Narasinya gampang menyebar. Cerita tentang rakyat kecil yang bangkit menantang kaum kaya serakah.
Slogan “Kami adalah 99 persen” menempel di kepala. Ia jadi simbol perlawanan yang terasa kuat di banyak negara.
Seolah-olah mewakili semua suara rakyat yang ditindas oleh sistem yang rusak. Gambarannya rapi, mudah dicerna, dan nyaman dipercaya.
Tapi kalau kita kupas pelan-pelan, ceritanya tidak sesederhana itu. Aslinya jauh lebih berlapis, penuh nuansa abu-abu, dan bagian ini jarang diomongkan.
Mulai dari pertanyaan dasar, siapa sebenarnya para pengunjuk rasa itu? Mereka memang berkemah di Zuccotti Park.
Banyak orang membayangkan mereka kaum miskin kota, para pekerja yang baru di-PHK, atau keluarga yang kehilangan rumah. Kenyataannya lebih rumit. Berbagai survei waktu itu memberi gambaran lain.
Studi CUNY pada 2011, misalnya, menunjukkan temuan penting: mayoritas peserta berpendidikan tinggi, banyak yang bergelar sarjana, bahkan lebih.
Kebanyakan berasal dari keluarga kelas menengah.
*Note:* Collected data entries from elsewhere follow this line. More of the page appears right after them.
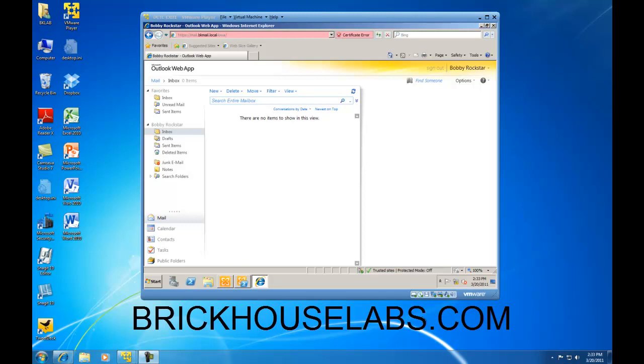Hello. In this demonstration, I am going to show you how to create an Exchange 2010 Outlook Web App mailbox policy and then link it to a recipient within your Exchange 2010 organization.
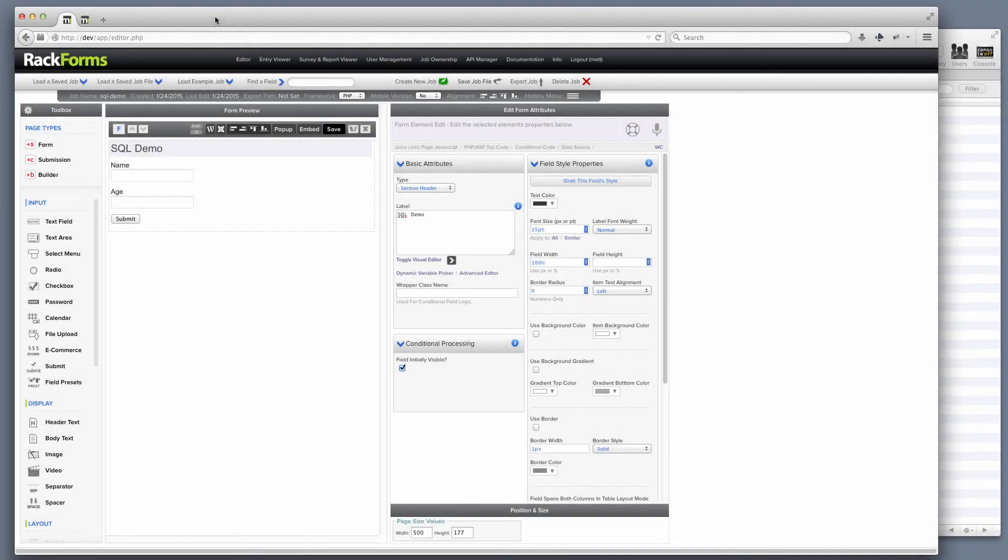In RackForms, our goal is to make it so you never have to work directly with SQL, but you gain all the advantages of being able to work with databases. There's two main ways that we do that that I want to show you right now.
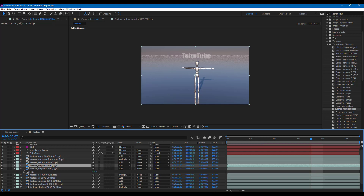That is how you can work with the AEC workflow inside of Cinema 4D and After Effects. Hope you guys learned something — as always, please like, comment, share, and subscribe.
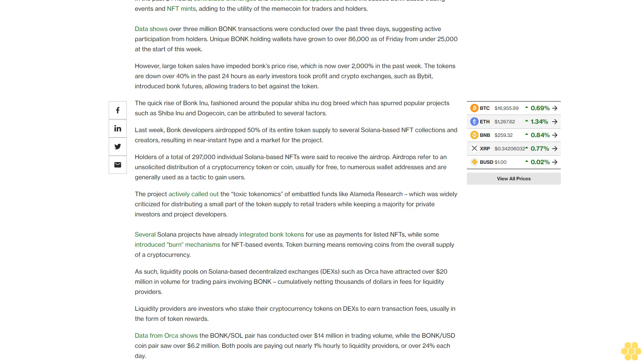As such, liquidity pools on Solana-based decentralized exchanges, DEXs, such as Orca have attracted over $20 million in volume for trading pairs involving Bonk.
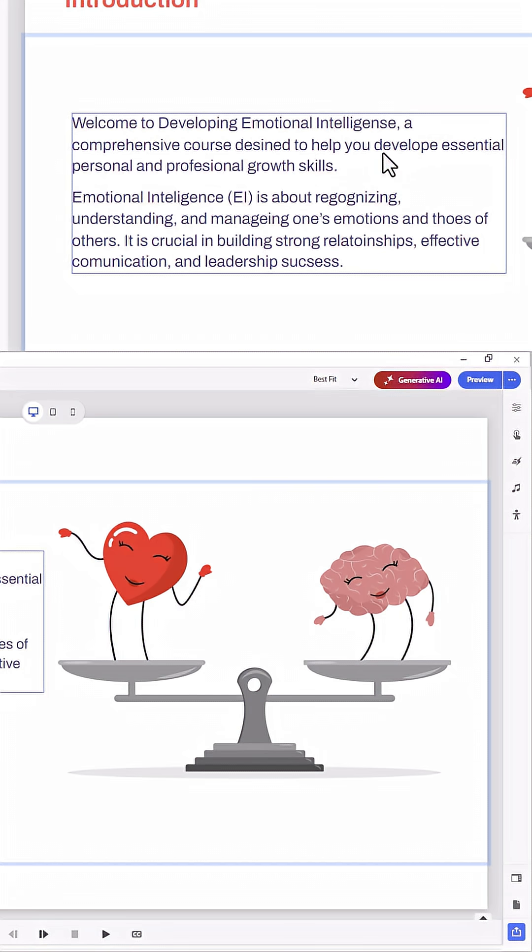But of course, now with the new generative AI features, you can actually access the ability to check your spelling and grammar quite easily.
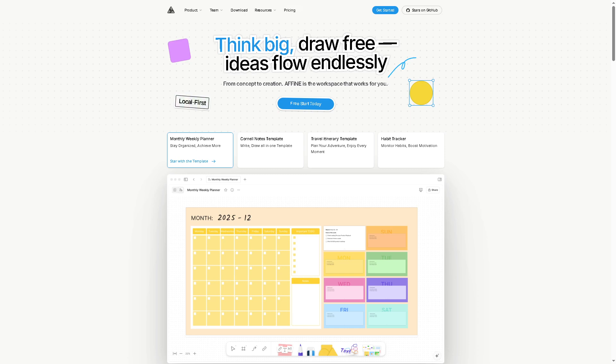And with that being said, Affine is a promising platform that combines the best of note-taking, whiteboarding, and project management, and it's improving fast. However, if you're looking for enterprise-level integrations, advanced automation, or something that's already as polished as Notion or Obsidian, you might want to wait a bit longer while Affine continues to grow. If you found this video helpful, do not forget to like, subscribe, and we will see you again in the next video.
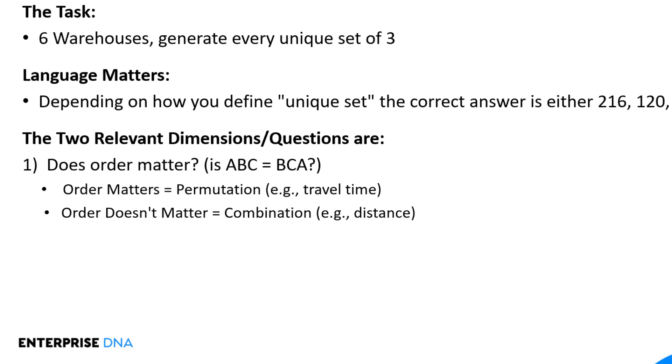Now the other flip side of that is order doesn't matter, in which case we're talking about combinations, not permutations. And the use case here that is common is distance. And this is the one that Paul and I were working on, which is that as the crow flies, the distance from A to B to C is not going to be any different than the distance from B to C to A. And so those are going to be considered in a combination context, those are going to be considered duplicates of each other. Whereas in a permutation context, they'll be considered unique.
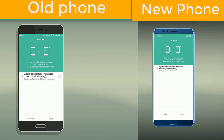Now you can see the progress bar on both devices. It will take a couple of minutes depending upon the size of your files.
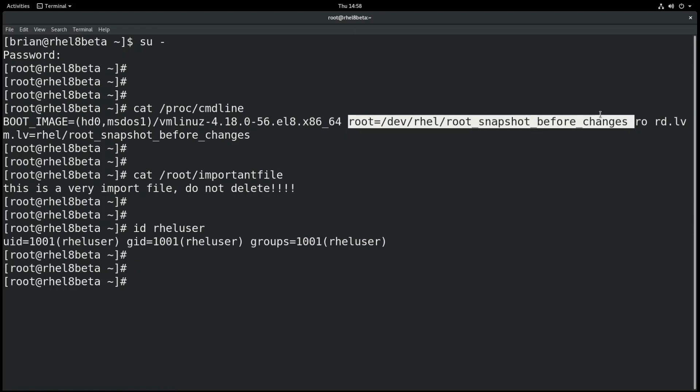We could reboot back to the original logical volume, which would still have the user deleted and the important file deleted. Or if we wanted to merge this snapshot back into the original logical volume, we could run a command such as lvconvert -s -merge and specify the snapshot logical volume. That would take our snapshot and merge that back into the root logical volume, basically rolling the system back to the time that the snapshot was created.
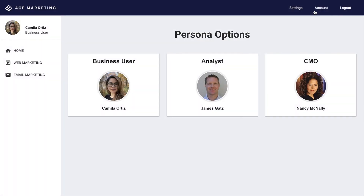With ThoughtSpot Everywhere, Ace Marketing enables SpotShop to access granular insights on their marketing data at scale in a manner that's simple, smart, and easy to connect to the rest of their cloud data ecosystem.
Mereka tentu merasakan dampak krisis dan cemas soal masa depan. Hanya saja, mereka bukan kelompok yang paling rentan.
Fakta ini tidak menihilkan nilai protes, tetapi meluruskan narasi yang terlanjur mapan tentang suara kaum paling tertindas.
Lalu soal strategi. Gerakan ini sengaja tidak menyusun daftar tuntutan yang jelas.